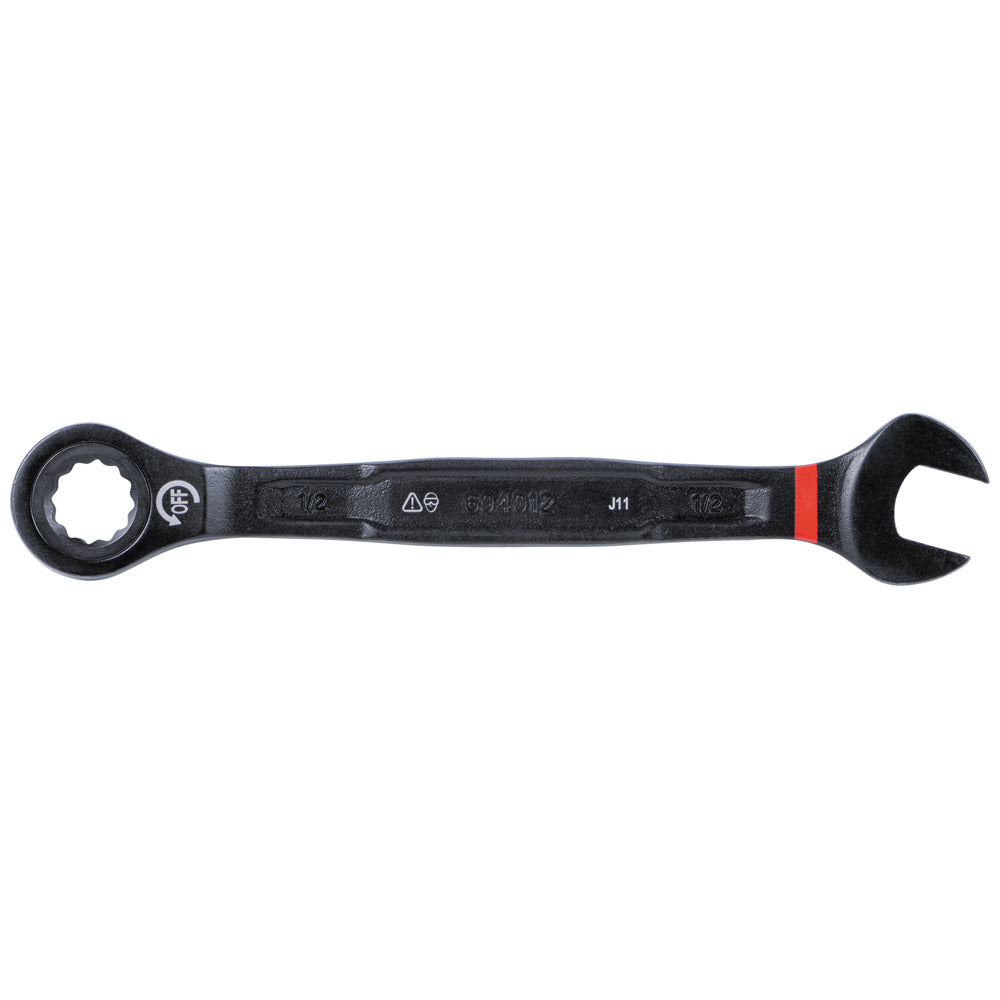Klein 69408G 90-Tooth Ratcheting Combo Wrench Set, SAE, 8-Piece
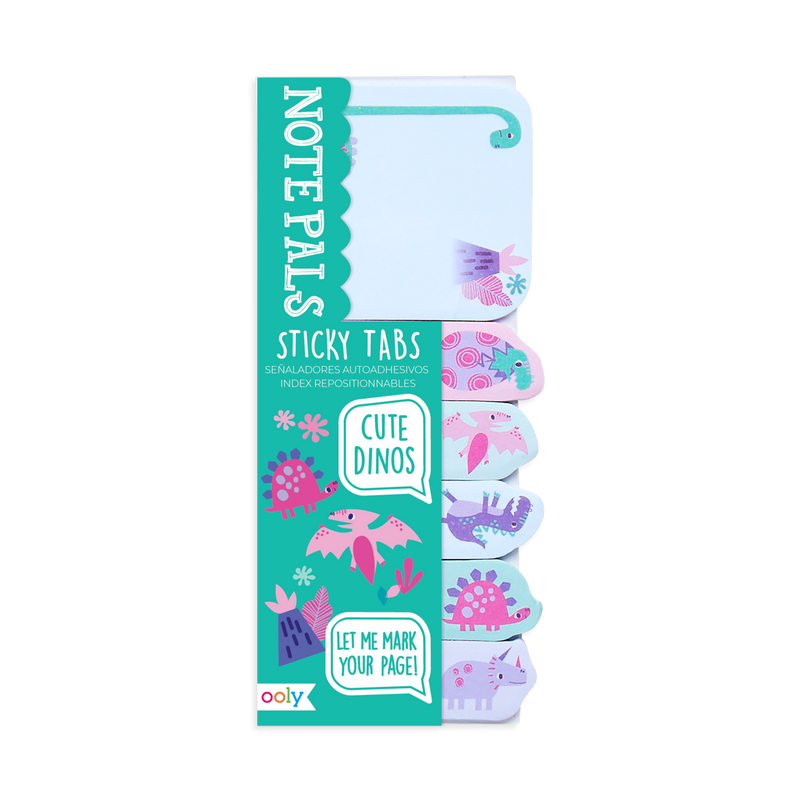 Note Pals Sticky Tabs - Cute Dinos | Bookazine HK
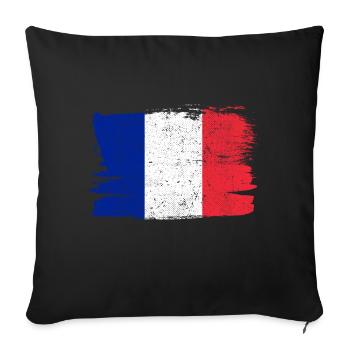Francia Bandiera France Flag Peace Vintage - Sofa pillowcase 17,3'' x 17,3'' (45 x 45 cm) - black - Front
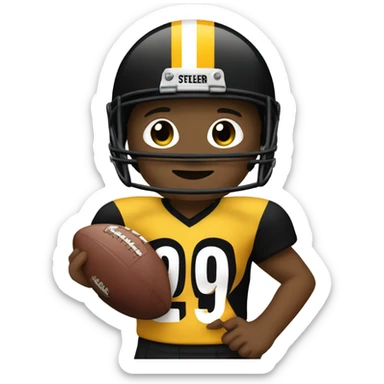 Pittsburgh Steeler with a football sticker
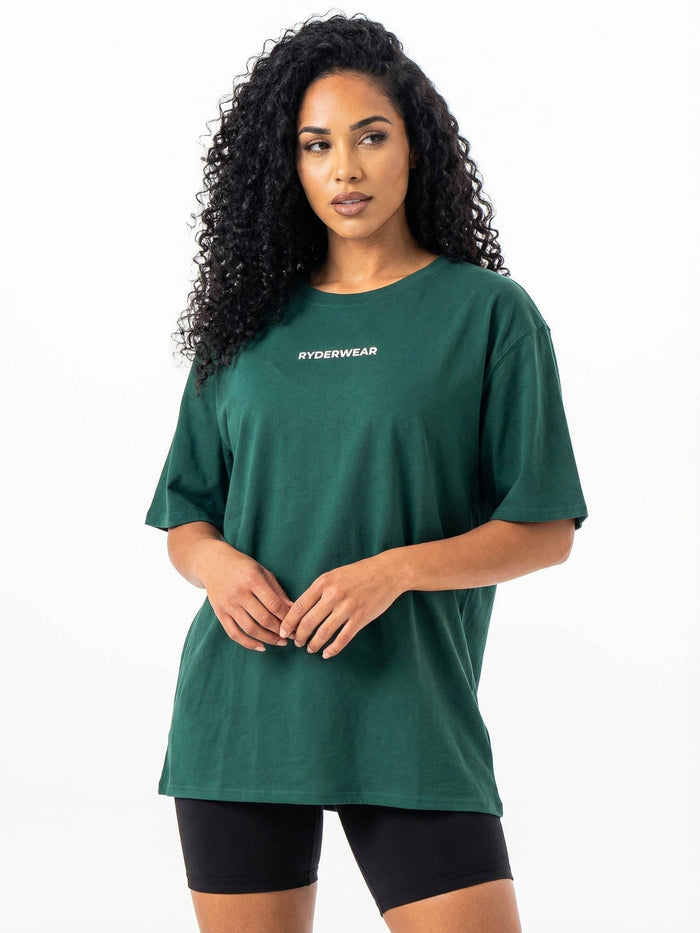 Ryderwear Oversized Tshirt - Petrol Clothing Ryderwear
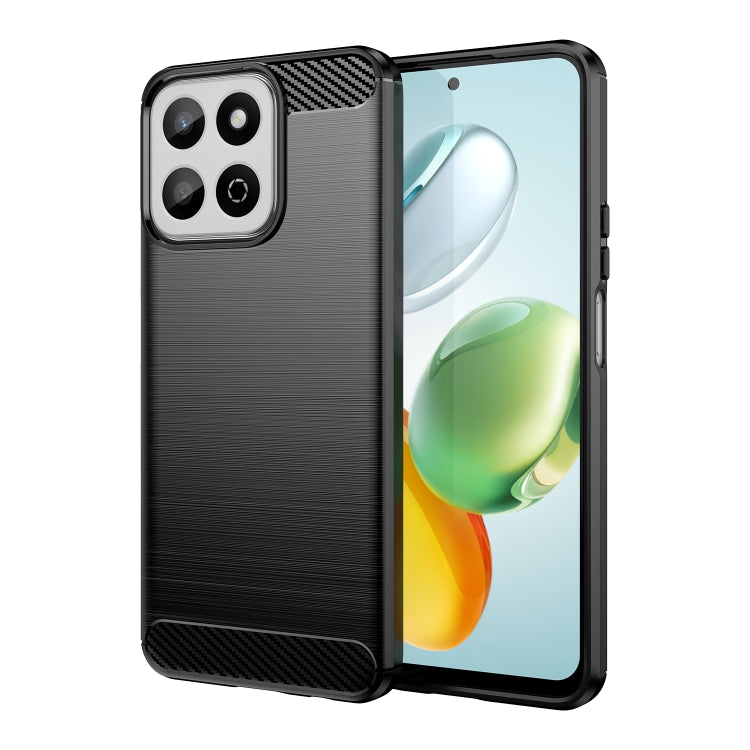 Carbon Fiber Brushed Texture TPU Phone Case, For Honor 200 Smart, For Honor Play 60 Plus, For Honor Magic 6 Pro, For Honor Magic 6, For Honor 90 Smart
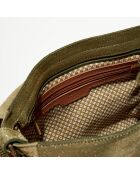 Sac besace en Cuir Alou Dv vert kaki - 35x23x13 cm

Required work:
From the line containing "Carbon Fiber Brushed" to the last line of the material, every line is to be reproduced exactly. No picture belongs in the copy.

Result:
 Carbon Fiber Brushed Texture TPU Phone Case, For Honor 200 Smart, For Honor Play 60 Plus, For Honor Magic 6 Pro, For Honor Magic 6, For Honor 90 Smart
 Sac besace en Cuir Alou Dv vert kaki - 35x23x13 cm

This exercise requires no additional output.